Choosing An Ideal State To Form A Corporation
You will not have to undergo any legal requirements for forming an LLC or new corporation in the home state. If you own a small business corporation, then you will not have any advantage to form a corporation in a different state since you will have to register your foreign corporation in the home state and then end up paying the same taxes and fees.
Decisions To Make
One of the very first decisions to make for a business owner is deciding where they would like to incorporate. Most commonly, business owners pick their home state. However, many people think that there may be certain benefits of incorporating in a state that is tax free or corporation friendly. For this reason, many people like to incorporate in Delaware. However, your decisions need to be based on 3 major factors:
• Cost considerations
• Jurisdictional considerations
• Tax considerations
It is wise that you seek legal counsel since the process can be quite complex, especially if you have plans of incorporating in a different state. Every state will require a resident agent for a corporation. There are many private companies providing the services of a resident agent in different states. Additionally, you will also be required to have a foreign corporation for registering or qualifying before you start conducting your businesses within the state. The process will include filing paperwork, paying fees, as well as paying penalties.
If a certain business has headquarters in one state but is incorporated in another state, then the business will be subjected to service of process and jurisdiction in the other state. This may be inconvenient for numerous reasons.
For starters, all your legal notices will be received by your registered agent within that state. This will cause a detail in your materials since you will only receive them once your registered agent forwards them. There are many materials that are time sensitive and can easily be misplaced or delayed. Secondly, your corporation will be governed by the laws of this state, and these laws might be different from your home state.
While the primary corporation characteristics remain similar in each state, the tax rate that applies differs.
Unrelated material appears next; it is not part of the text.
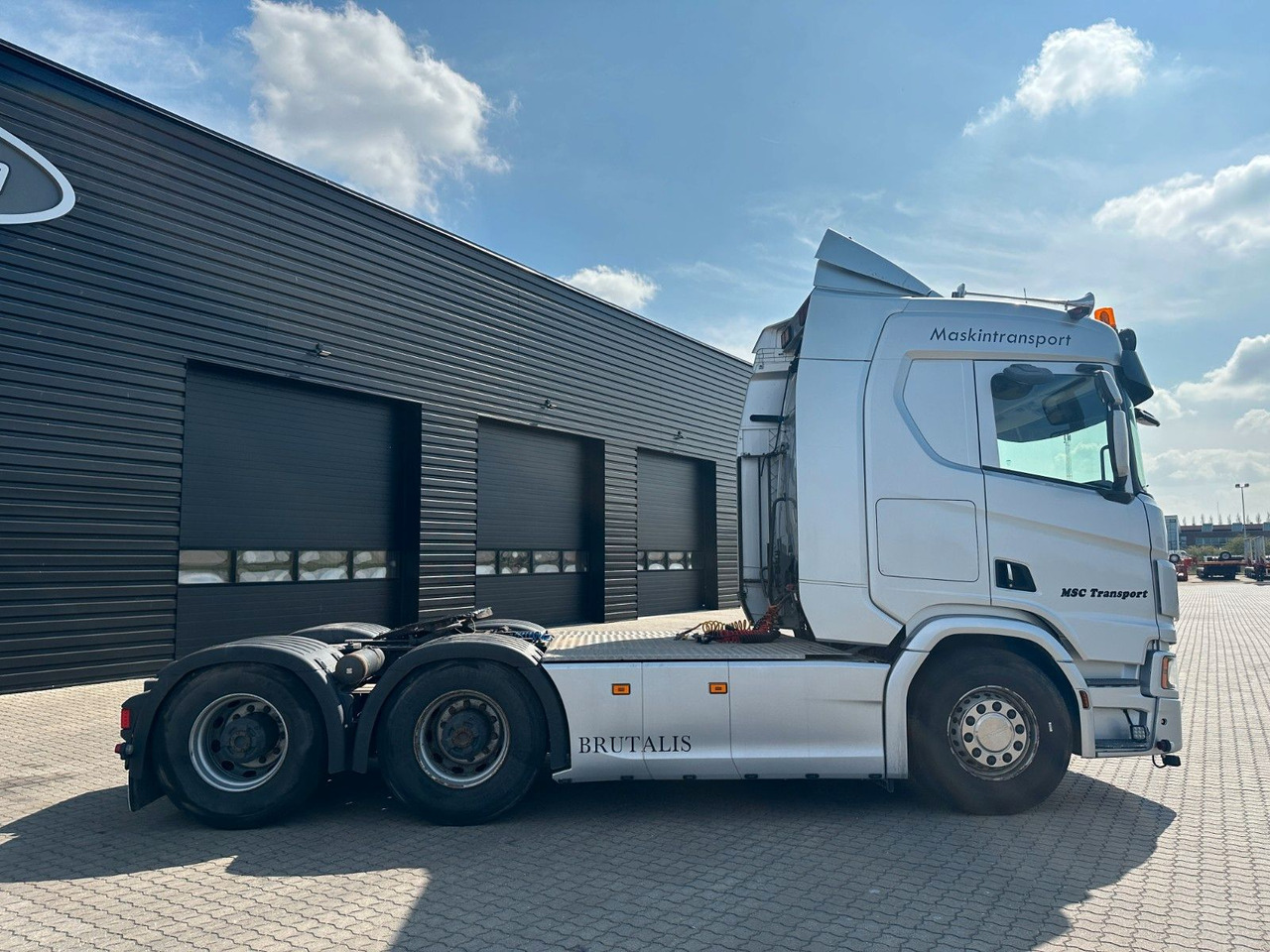 Scania R 730 6x4 Scania R 730 V8 6x4 - Tegljač: slika 2 Scania R 730 6x4 Scania R 730 V8 6x4 - Tegljač: slika 2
Certain state tax rates can reach an excessive 10%. If you incorporate in Nevada however, you will not incur any franchise tax as well as state income tax. Additionally, income tax considerations will not be applicable to say an S corporation or an LLC since these are not taxed on business levels.
Therefore, tax advantages can be seen in a state like Nevada. Despite that, if you are operating in a different state, then you will have to pay your home state taxes.
While there are many corporation friendly states, you need to keep in mind everything that goes along with the incorporation. For instance, even if you wish to incorporate in Nevada, you will still have to be aware of the different rules and regulations in that state.